Please repeat the data below exactly, with the pictures removed.

Available data =>
::::::::

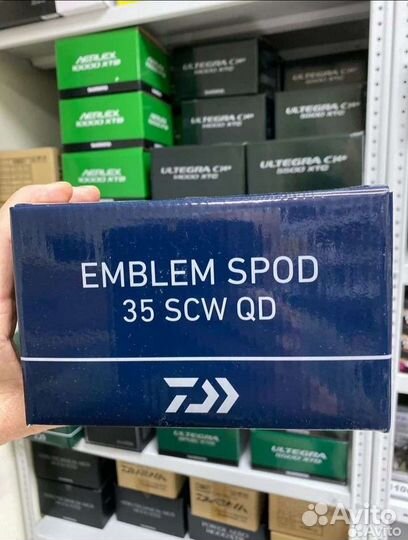 Сподовая катушка Daiwa Emblem spod 35 SCW QD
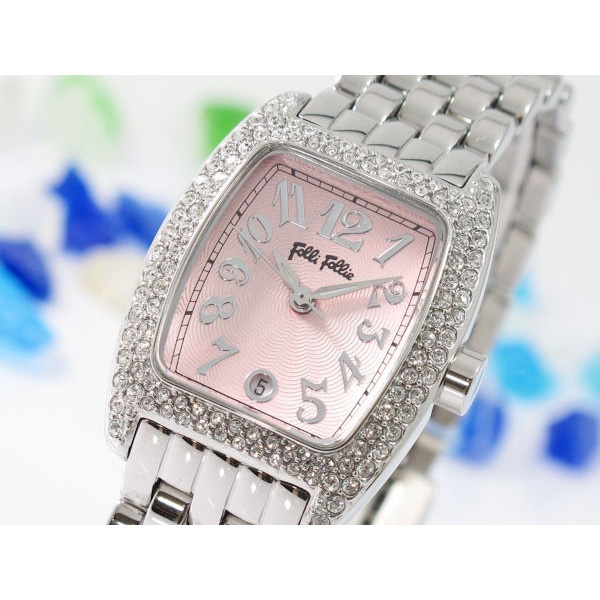 【クリックでお店のこの商品のページへ】フォリフォリ FOLLI FOLLIE 腕時計 WF5T081BDP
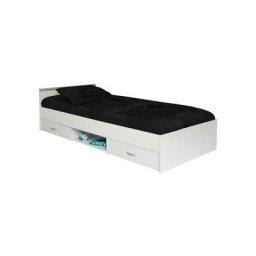 Funktionsbett Alawis Parisot inkl. 2 Bettkästen + 1 x Regal 90*200 cm weiß b-ware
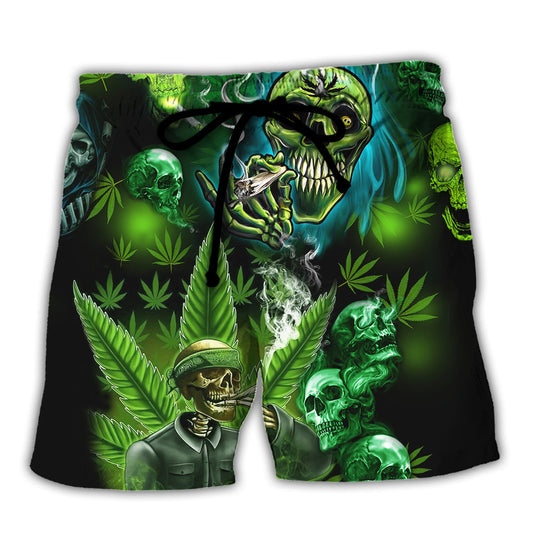 Skull So High Cannabis - Beach Short Reefox - Owls Matrix LTD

::::::::

Response below =>
 Сподовая катушка Daiwa Emblem spod 35 SCW QD
 【クリックでお店のこの商品のページへ】フォリフォリ FOLLI FOLLIE 腕時計 WF5T081BDP
 Funktionsbett Alawis Parisot inkl. 2 Bettkästen + 1 x Regal 90*200 cm weiß b-ware
 Skull So High Cannabis - Beach Short Reefox - Owls Matrix LTD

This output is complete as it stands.